#### WHAT THE EXERCISE ASKS
Begin at the line that contains "Gulmohar Sariska Resort" and reproduce it along with every line after it to the end of the listing; skip any pictures.

#### DATASET RECORDS
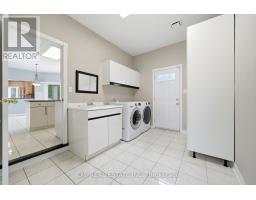 15 Treegrove Circle, Aurora, ON L4G6M1 Photo 17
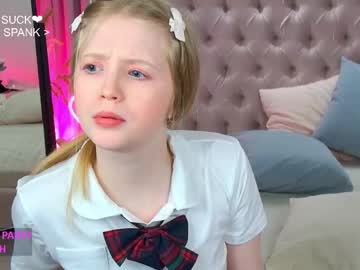 girl cam masturbation with lilianhoward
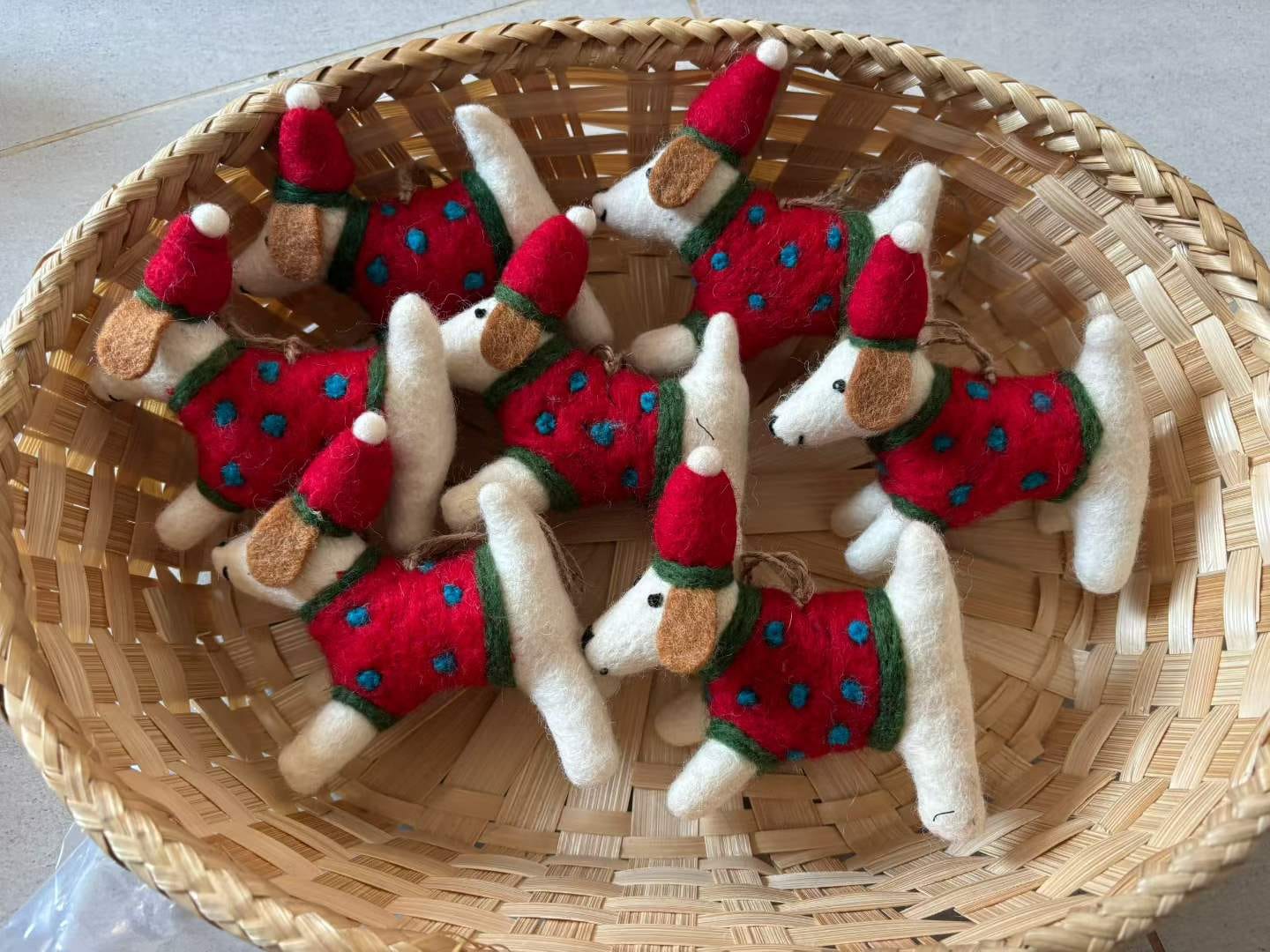 🎅🐴 Santa’s Snowy Hooves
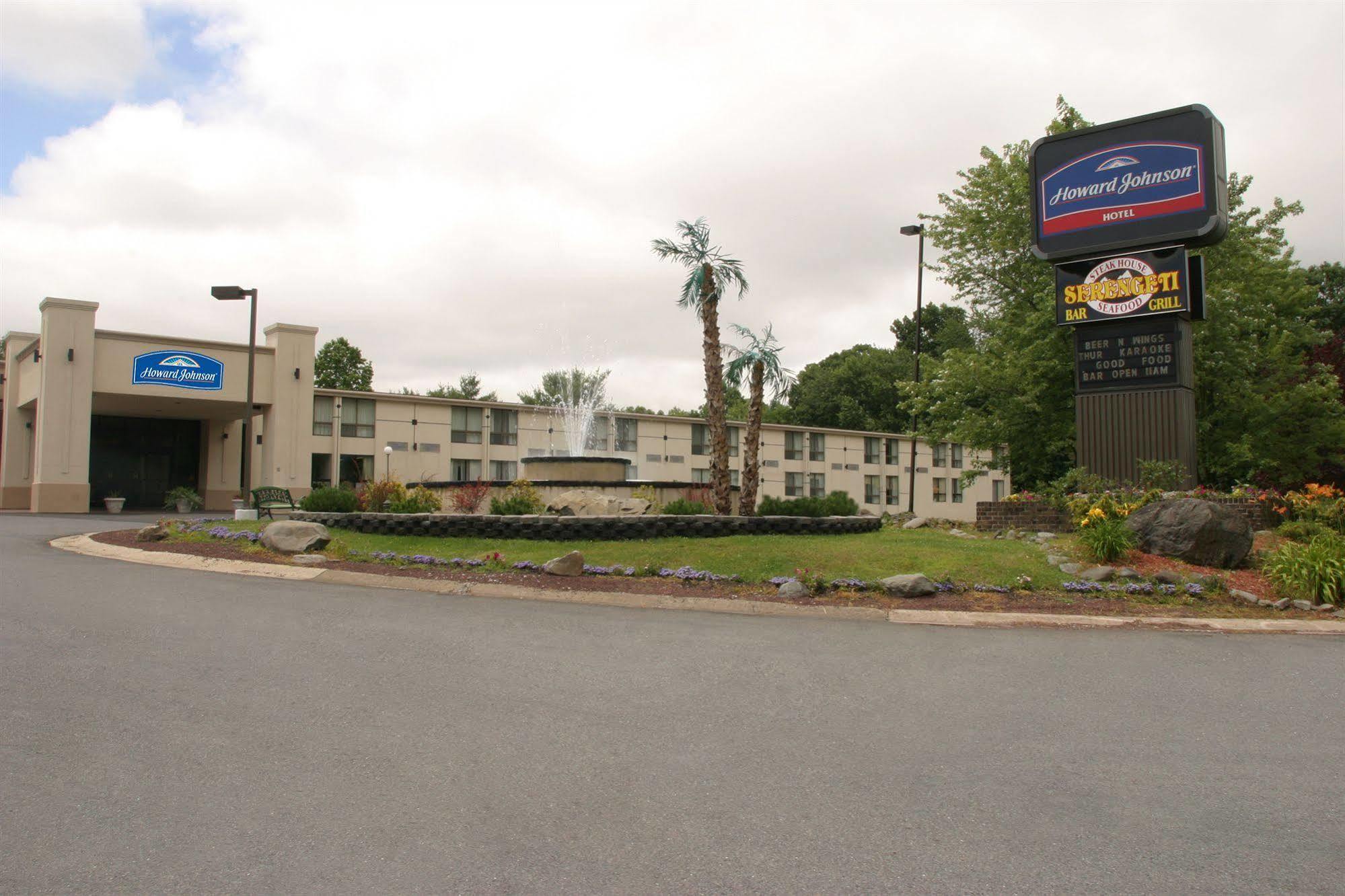 Howard Johnson By Wyndham Bartonsville/Poconos Area Eksteriør billede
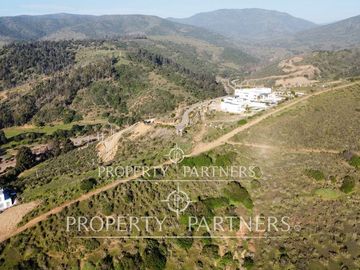 Parcela  con espectaculares vistas en Condominio Coguiles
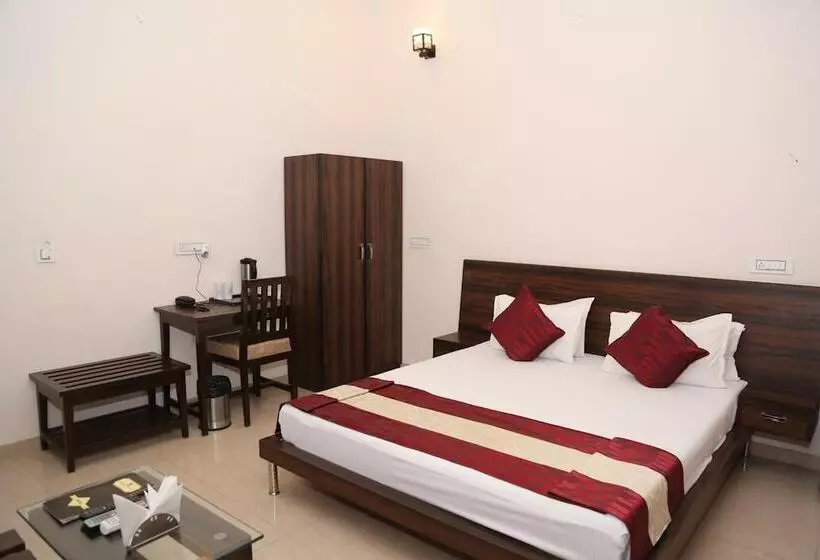 Gulmohar Sariska Resort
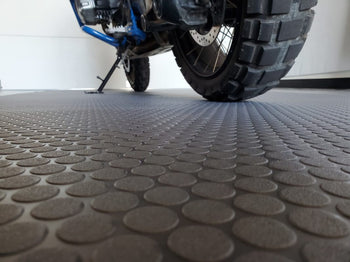 Round Dot PVC Rubber Flooring – Heavy-Duty Non-Slip Flooring for Garages & Industrial Spaces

#### SOLUTION FOR THIS EXERCISE
 Gulmohar Sariska Resort
 Round Dot PVC Rubber Flooring – Heavy-Duty Non-Slip Flooring for Garages & Industrial Spaces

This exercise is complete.